Conforme o edital, para ter acesso ao local da prova, o candidato deveria estar vestido de modo compatível com o decoro da função de natureza jurídica essencial. Por meio de seu site, a Vunesp reforçou essa exigência, elencando “bermuda, chinelo, camiseta regata” como trajes inadequados. Porém, os excluídos pelo suposto uso de roupa imprópria só souberam da eliminação por ocasião da divulgação do resultado.
“As eliminações de candidatos a posteriori — candidatos estes que conseguiram ingressar e realizaram as provas —, em razão dos supostos trajes inadequados, não foram devidamente motivadas”, avaliou Fernanda Peres. A juíza acrescentou que foi questionada a aplicação de critérios diferentes, nos vários locais de prova, “a indicar aparente violação ao princípio da isonomia nos concursos públicos”.
Ao conceder a tutela de urgência para suspender o ato de indeferimento da prova preambular ou de exclusão de candidatos por traje inadequado, permitindo a continuidade deles no concurso público, a julgadora salientou que a sua decisão é “sub censura do juízo competente para a causa”. Ela determinou a redistribuição da ação civil pública a uma das varas de Fazenda Pública da Capital.
A magistrada justificou a alteração de competência com base no artigo 93, inciso II, da Lei 8.078/90, porque o dano apontado não é de âmbito local, mas de abrangência regional no contexto de todo o estado.
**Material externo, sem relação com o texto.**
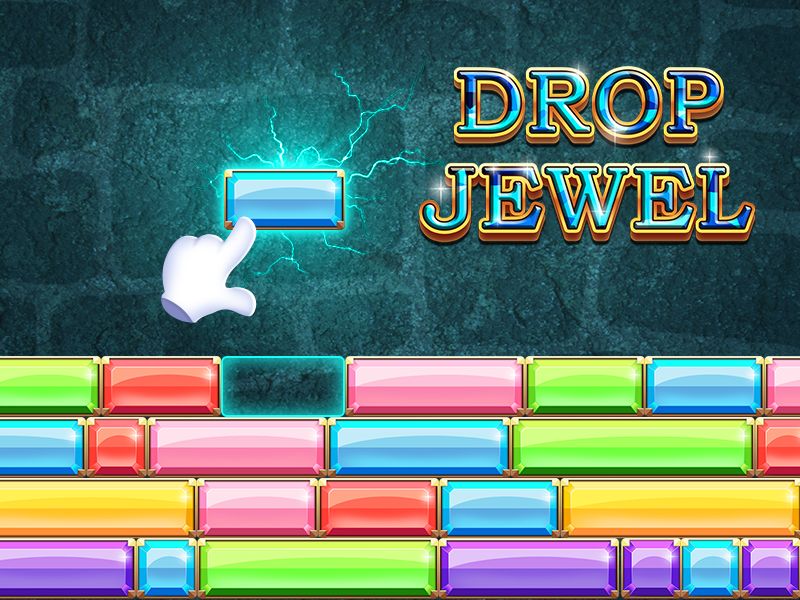 Drop Jewel - Puzzle Game for Kids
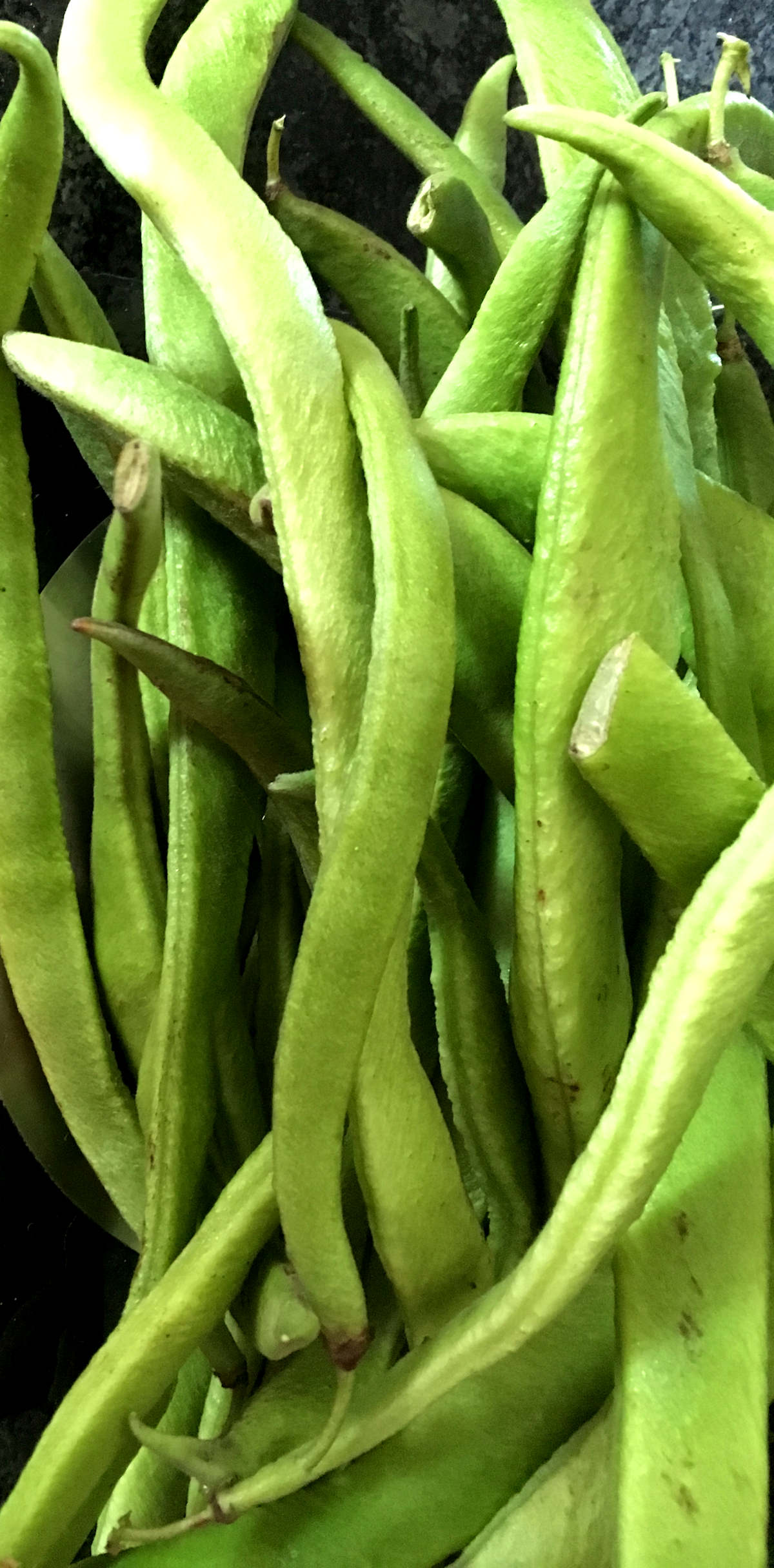 buttered runner beans cuisinefiend.com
Nessa hipótese, o foro competente para o processamento da ação civil pública, nos termos da regra citada, é o da capital da unidade federativa.
Segurança jurídica
Constituído de cinco fases, o concurso público é para o provimento de 552 vagas para o cargo de delegado. As duas primeiras (preambular e escrita) ocorreram no dia 3 de dezembro de 2023 e, conforme o edital, apenas os candidatos aprovados na prova preambular teriam corrigida a escrita. A eliminação por causa da inadequação de traje só foi comunicada por ocasião da divulgação dos resultados.
Advogadas do Sinpolsan, Tainara Gomes Penedo e Marcela de Almeida Pino da Silva narraram na inicial que “o ato de permitir o ingresso e a conclusão da prova para, somente no resultado, eliminar o candidato, além de não ser permitido pelo edital, está eivado de má-fé”. Segundo elas, a posterior exclusão ocorreu de modo indevido, arbitrário e contraditório, “em violação à segurança jurídica e em claro abuso de poder”.
Sustentando que a aptidão ao cargo de delegado deve ser aferida a partir do conhecimento jurídico do candidato, e não do traje usado no dia da prova, as advogadas do autor apontaram violação ao princípio da legalidade administrativa (artigo 37, caput, da Constituição Federal), porque “inexiste lei que estabeleça o uso de trajes específicos em concursos públicos e justifique a inserção dessa exigência no edital”.